Start of AVAILABLE RECORDS

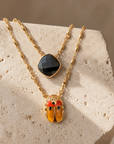 GAS BIJOUX - COLLIER SCAPULAIRE SERTI SCARABEE DORÉ -  ÉMAILLÉ ORANGE ET PIERRE ONYX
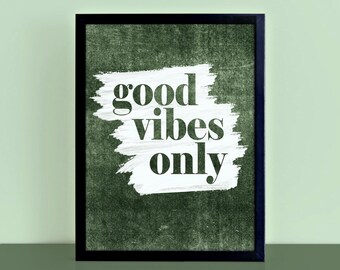 May include: A framed art print featuring the phrase "good vibes only" in a bold font. The white text is set against a white brushstroke on a dark green textured background, within a black frame.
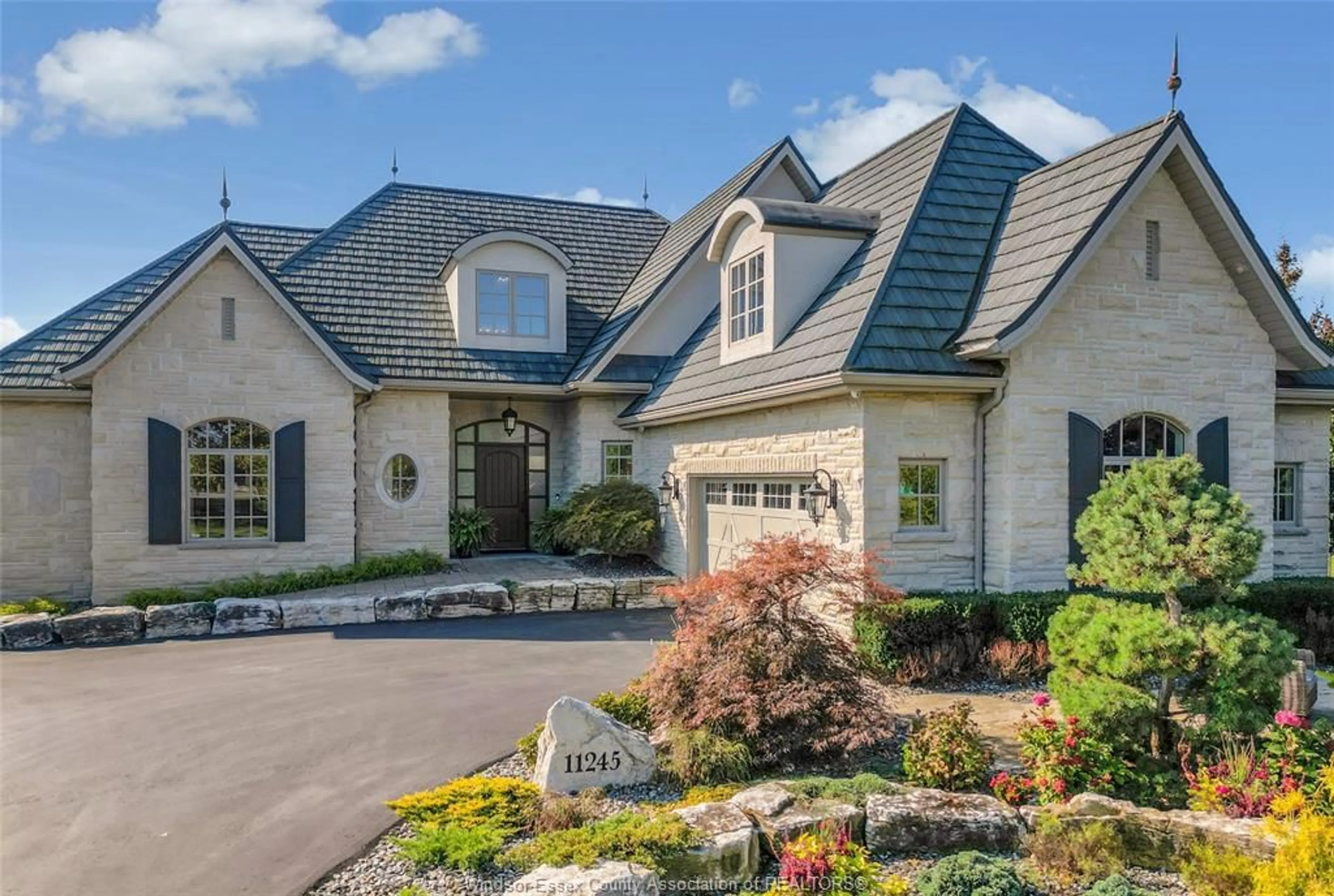 Home with brick exterior material, unknown for 11245 RIVERSIDE Dr, Windsor Ontario N8P 1A5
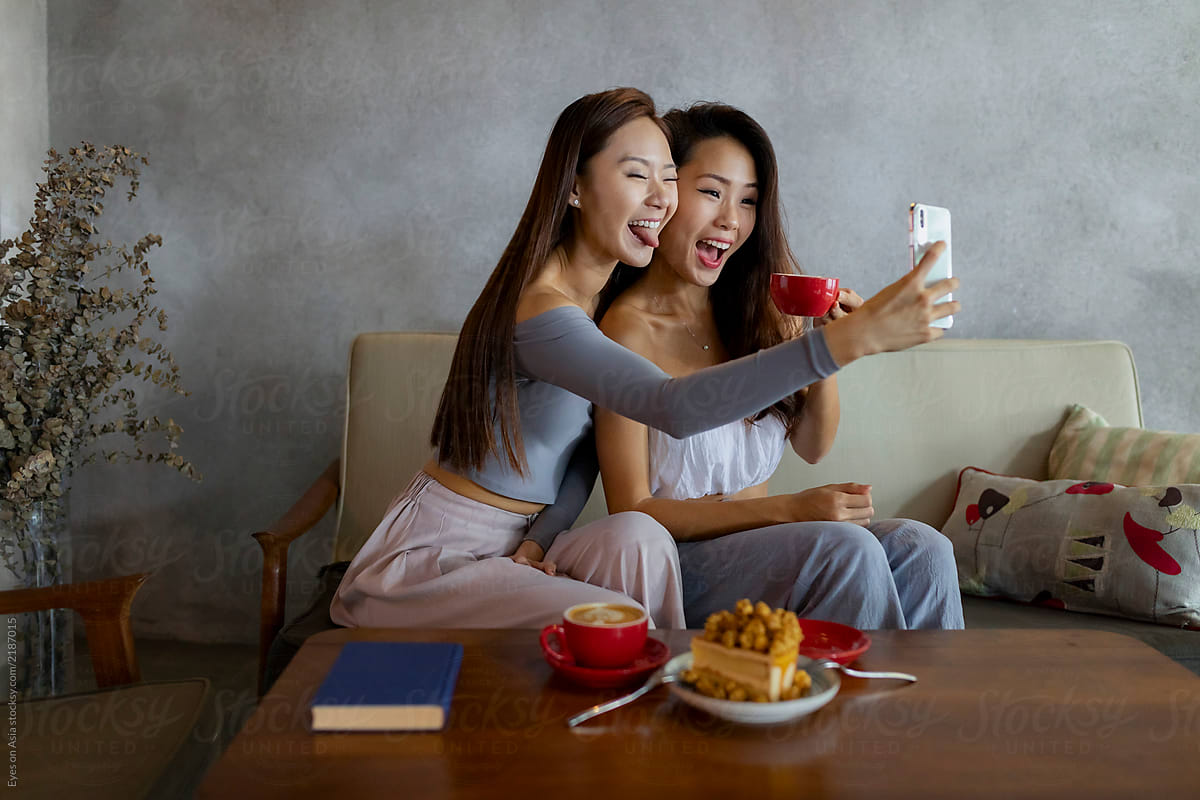 Two asian female Friends taking selfies together with coffee and cake sitting on a couch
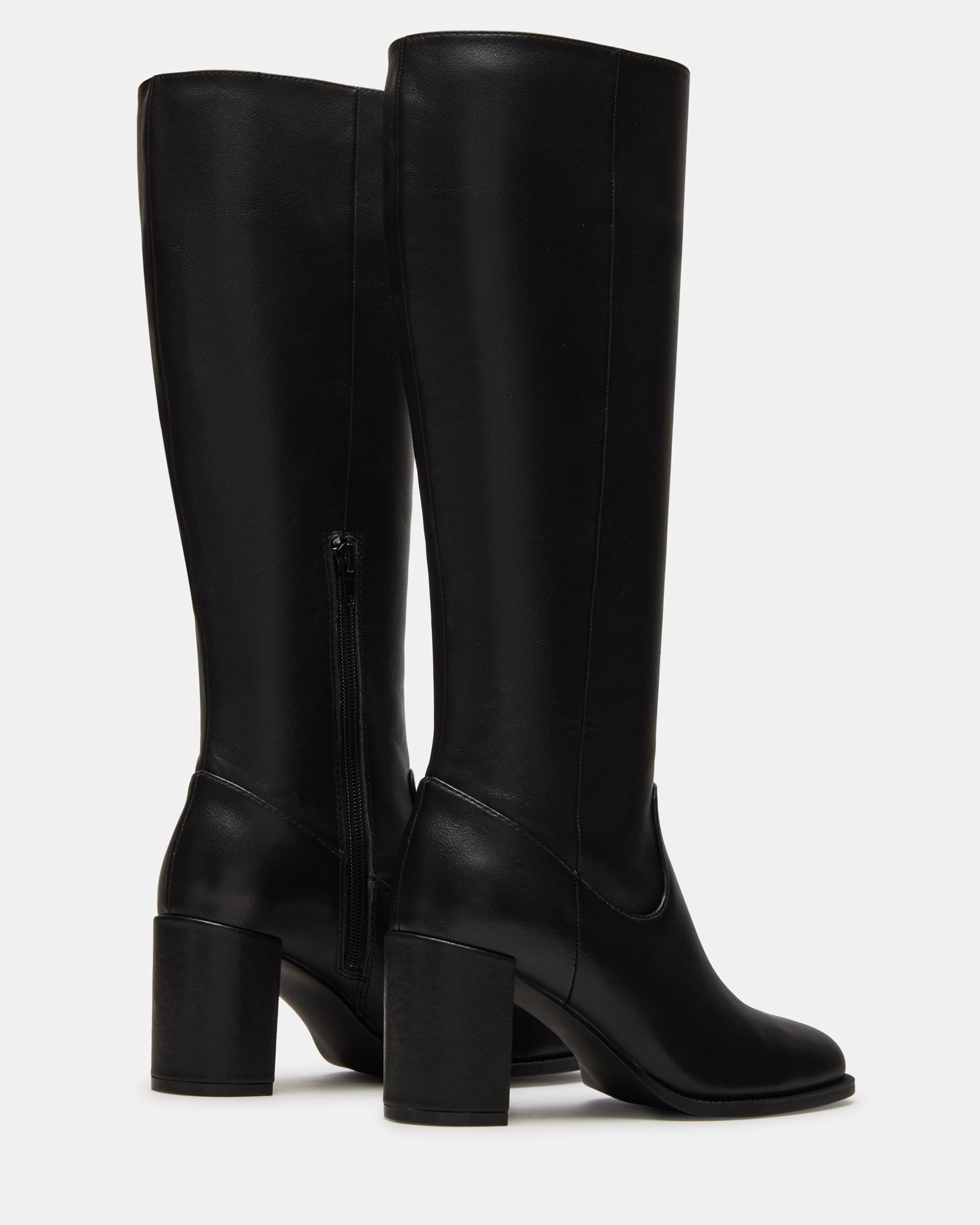 Stylish outfit featuring Jovana black leather knee-high boots.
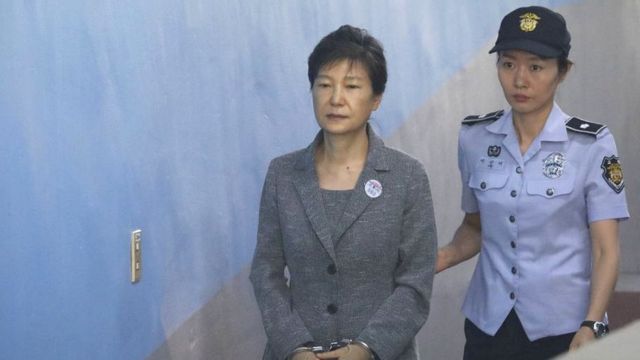 Park Geun-hye em corredor, ao lado de policial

End of AVAILABLE RECORDS

▶ EXERCISE DESCRIPTION: Please reproduce nothing but the lines from the one containing "Home with brick" through the closing line of the listing, retyped word for word, pictures excluded.

▶ FINISHED EXERCISE:
 Home with brick exterior material, unknown for 11245 RIVERSIDE Dr, Windsor Ontario N8P 1A5
 Two asian female Friends taking selfies together with coffee and cake sitting on a couch
 Stylish outfit featuring Jovana black leather knee-high boots.
 Park Geun-hye em corredor, ao lado de policial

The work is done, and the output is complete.